Leveraging Groovy’s MOP to create embedded DSL

To give a context, we have created an embedded DSL for declaring the kind of transformations that the user wants to be applied to a MongoDB document to get that final expected document. Here is an excerpt of such a DSL.

// Sample Delta file
use test
db.customers.add("{'city' : 'Please Set City', 'pin':  'Please Pin code' }")

//Increment age field by 1
db.customers.transform('age', "{ $add: [&amp;quot;$age&amp;quot;, 1] }")

// Set context to transactions db
use transactions

// add to orders collection a nested document
db.orders.add('{"dispatch" : { "status" : "Default", "address": { "city": "someCity" }}}')

If you have used MongoDB and its shell, you would immediately recognise the semblance to this DSL. The tool that we are building is intended to be used by developers and Devops guys. This particular DSL is dev-centric and so it makes sense for us to stay very close to the MongoDB lingo. This will cause less friction in adoption as it has virtually no learning curve. The objective of using this DSL is to allow the developers to specify the transformations that they to apply to documents in that collection and get the transformed document.

The use keyword is used to set the context of the DB in which you issue commands. transform and add commands specify the type of transformation to be applied on customers collection and orders collection respectively. For example, transform takes in a built-in function add, adds 1 to the age field in the document and stores the results back into the age field.

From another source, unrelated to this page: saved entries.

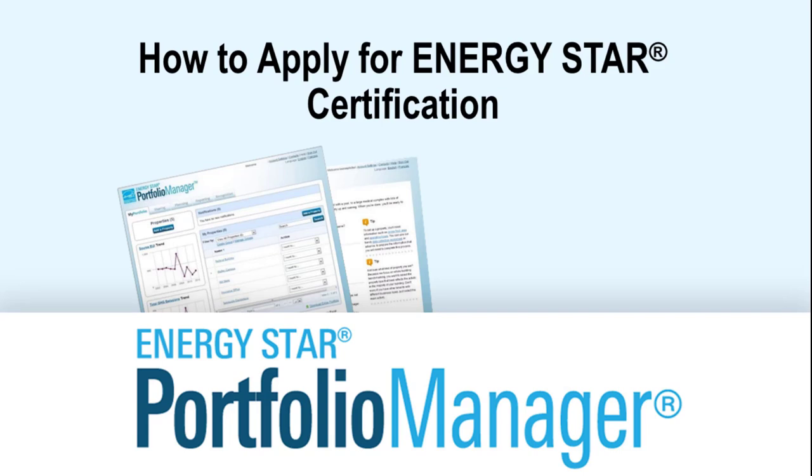Hello, and welcome to ENERGY STAR's Portfolio Manager Demonstration Series. EPA's free online Portfolio Manager tool is the industry standard for measuring and tracking energy performance within commercial buildings.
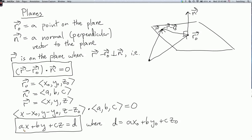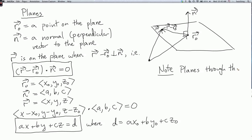So any plane can be written in the form a·x + b·y + c·z = d, and conversely, an equation of that form corresponds to a plane. Note that planes through the origin are those with d = 0. To test whether a plane passes through the origin, plug in x = 0, y = 0, z = 0 — that satisfies the equation exactly when d = 0.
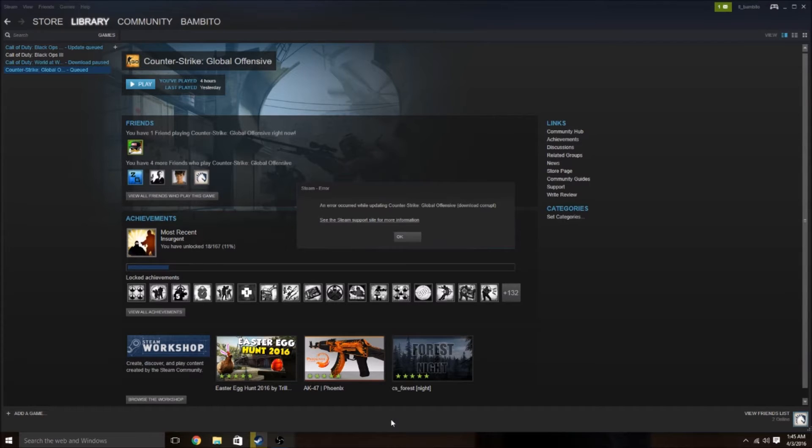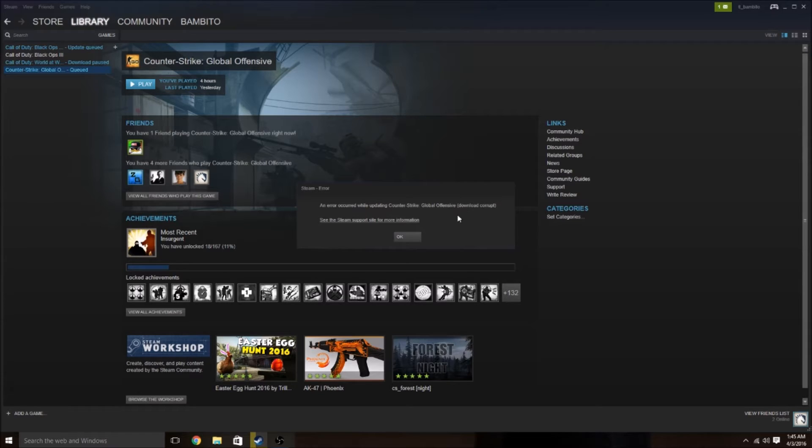Guys, this is Bampito here, and today I have a fix for the download corrupt error message while trying to download a game through Steam.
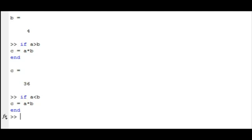Notice this time an output value for c is not obtained since the condition did not hold true to our situation as a was not less than b.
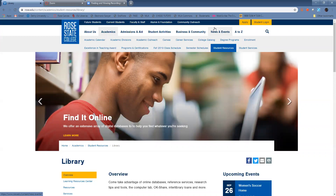All right. Hello, class. What I wanted to do today was to briefly go through some library resources, because you're going to use this for our other discussion activity this week.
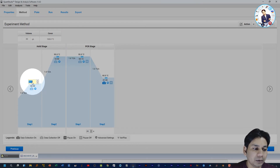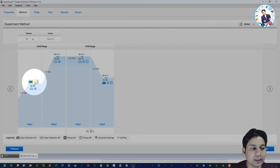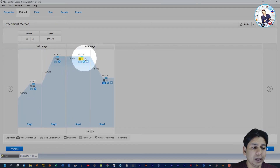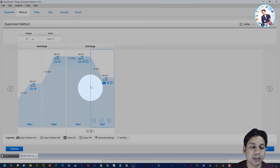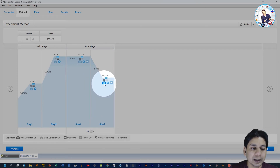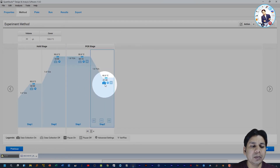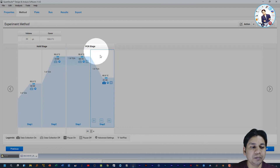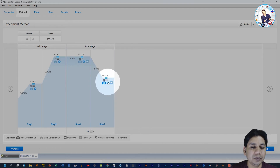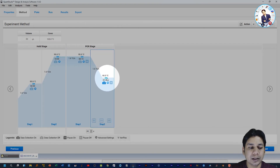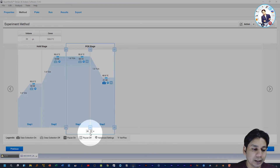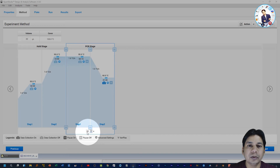To change values in the Hold Stage and PCR Stage, you can adjust them according to your choice. For example, click on the temperature value to change it, and you can also change the time at every stage. Here you can see the camera icon is highlighted, meaning data will be recorded at this annealing stage. Note that in most real-time PCR experiment setups, the annealing and extension steps are merged together.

Also, the tool allows multiple files that contain such transformations, we call these files as delta files. Obviously I’d need to read all these files, parse them and create a data-structure that will be consumed by the tool itself to make sense of the information stored in there. So the question before me was how do achieve this using Groovy? Before I begin describing the how I approached it by using Groovy’s Meta-Object Protocol, lets take a detour and understand some concepts elaborated by Terrence Parr in his book – Language Implementation Patterns, thanks to my friend Aslam Khan for pointing this book out to me. In here, Terrence gives an excellent big picture of how to implement it. He breaks down the whole process into a multi-stage pipeline (I have modified the diagram below to suit my context while preserving the spirit though) that analyzes and manipulates the input stream. The output of this pipeline is a useful internal data structure, he calls this as Intermediate Representation (IR). It is this IR that is consumed by Generators and it generates output based on this IR.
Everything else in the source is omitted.